We study the AdS/CFT correspondence for string states which flow into plane wave states in the Penrose limit. Leading finite radius corrections to the string spectrum are compared with scaling dimensions of finite R-charge BMN-like operators. We find agreement between string and gauge theory results.

Figures (3)

• Figure 1: Order $g_{\rm Y\!M}^2$ corrections to scalar propagators consist of a gauge boson exchange and a fermion loop.
• Figure 2: Order $g_{\rm Y\!M}^2$ corrections to two point functions of operators of the form $\hbox{tr$\,$} z ... \phi^1 z ... \phi^2$: four-field irreducible blocks.

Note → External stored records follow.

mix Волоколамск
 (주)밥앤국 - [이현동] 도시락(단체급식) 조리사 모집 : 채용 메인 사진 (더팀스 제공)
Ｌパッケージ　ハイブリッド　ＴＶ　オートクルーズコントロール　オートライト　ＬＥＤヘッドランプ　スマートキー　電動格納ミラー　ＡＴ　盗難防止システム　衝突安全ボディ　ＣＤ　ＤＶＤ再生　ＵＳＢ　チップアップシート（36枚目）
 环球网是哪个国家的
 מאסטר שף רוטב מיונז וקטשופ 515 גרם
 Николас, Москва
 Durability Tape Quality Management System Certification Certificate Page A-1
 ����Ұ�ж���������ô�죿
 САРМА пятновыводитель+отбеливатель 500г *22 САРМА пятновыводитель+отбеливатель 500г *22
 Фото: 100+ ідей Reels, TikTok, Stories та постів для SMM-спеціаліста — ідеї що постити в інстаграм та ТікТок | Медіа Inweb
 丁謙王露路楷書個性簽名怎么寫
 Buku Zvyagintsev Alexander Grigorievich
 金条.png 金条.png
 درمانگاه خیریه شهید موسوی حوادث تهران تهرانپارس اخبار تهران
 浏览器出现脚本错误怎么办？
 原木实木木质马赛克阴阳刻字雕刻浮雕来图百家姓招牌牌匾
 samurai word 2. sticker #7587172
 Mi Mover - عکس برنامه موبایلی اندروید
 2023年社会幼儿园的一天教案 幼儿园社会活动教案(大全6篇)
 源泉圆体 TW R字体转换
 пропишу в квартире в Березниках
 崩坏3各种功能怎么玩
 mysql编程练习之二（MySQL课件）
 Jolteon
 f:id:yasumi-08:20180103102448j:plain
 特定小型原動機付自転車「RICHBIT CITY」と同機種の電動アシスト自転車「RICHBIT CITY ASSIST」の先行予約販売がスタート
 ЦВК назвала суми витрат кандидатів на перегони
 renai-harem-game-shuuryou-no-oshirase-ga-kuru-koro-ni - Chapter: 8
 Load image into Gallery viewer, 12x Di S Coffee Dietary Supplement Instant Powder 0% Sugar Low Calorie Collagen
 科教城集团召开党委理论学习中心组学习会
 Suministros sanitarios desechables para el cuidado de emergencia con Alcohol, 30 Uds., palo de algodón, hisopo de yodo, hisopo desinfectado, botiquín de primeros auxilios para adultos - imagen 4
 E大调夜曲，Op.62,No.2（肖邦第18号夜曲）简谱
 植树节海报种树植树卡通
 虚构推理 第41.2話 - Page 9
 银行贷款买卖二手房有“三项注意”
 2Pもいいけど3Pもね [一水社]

When scalars $\phi^i$ are involved, the diagrams above represent the net contribution of all contributing Feynman diagrams, packaged in a way to mimic the $\cal N$=1 component fields Feynman diagrams. (Thick lines would correspond to exchanges of auxiliary fields $F_i$ and $D$ in the $\cal N$=1 formulation.) Diagrams with $z_2$ are given for comparison only. There are similar diagrams with one or both $z$-lines running in the opposite direction.
• Figure 3: Order $g^2$ corrections to two point functions of operators of the form $\hbox{tr$\,$} z ... \phi^1 z ... \phi^1$: four-field irreducible blocks. Thick lines correspond to exchanges if the gauge boson and auxiliary fields $F_i$ and $D$ in the $\cal N$=1 formulation. The diagrams above represent the net contribution of all contributing Feynman diagrams, packaged in a way to mimic the $\cal N$=1 component fields Feynman diagrams.